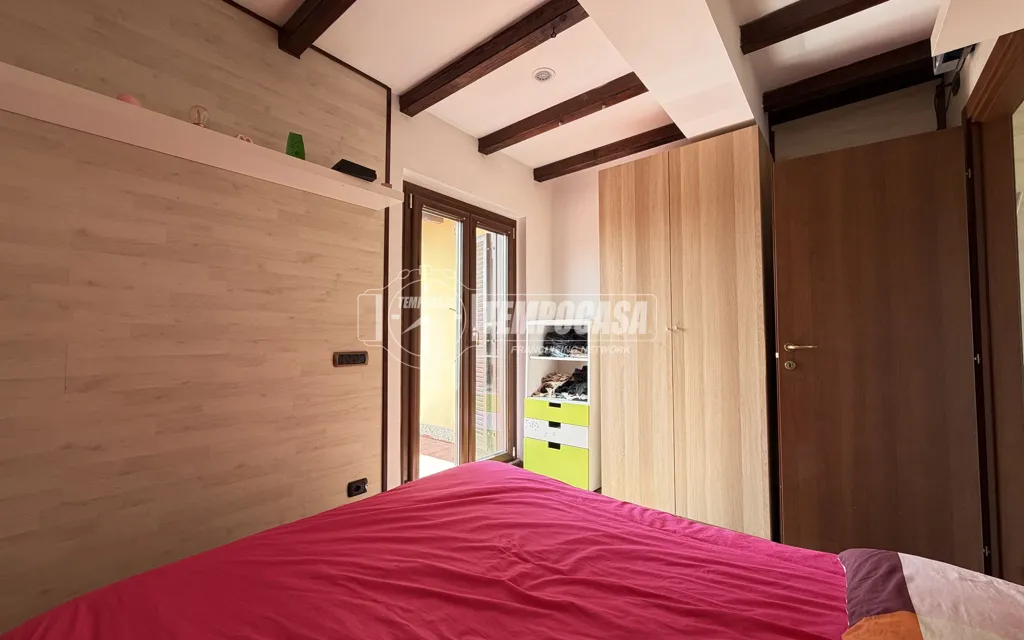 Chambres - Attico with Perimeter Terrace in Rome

---

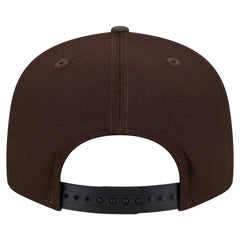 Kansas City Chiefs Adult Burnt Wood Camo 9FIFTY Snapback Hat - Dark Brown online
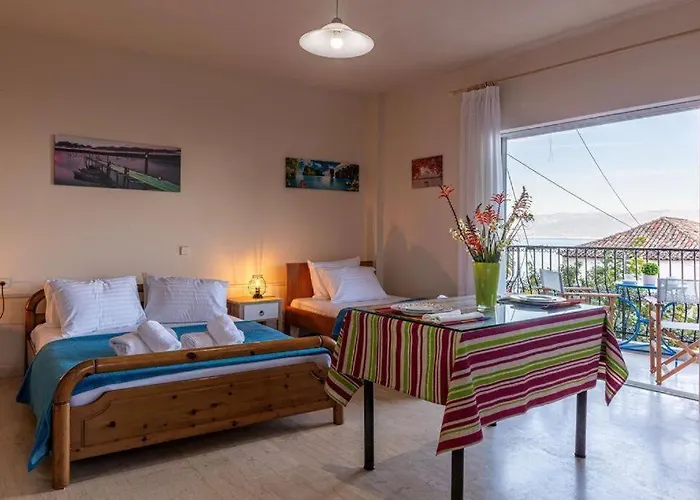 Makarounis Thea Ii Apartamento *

EXERCISE BRIEF — Using the entries above, transcribe every line from the line containing "Kansas City Chiefs" through the line containing "Makarounis Thea Ii Apartamento *". Do not copy pictures.

TASK SOLUTION —
 Kansas City Chiefs Adult Burnt Wood Camo 9FIFTY Snapback Hat - Dark Brown online
 Makarounis Thea Ii Apartamento *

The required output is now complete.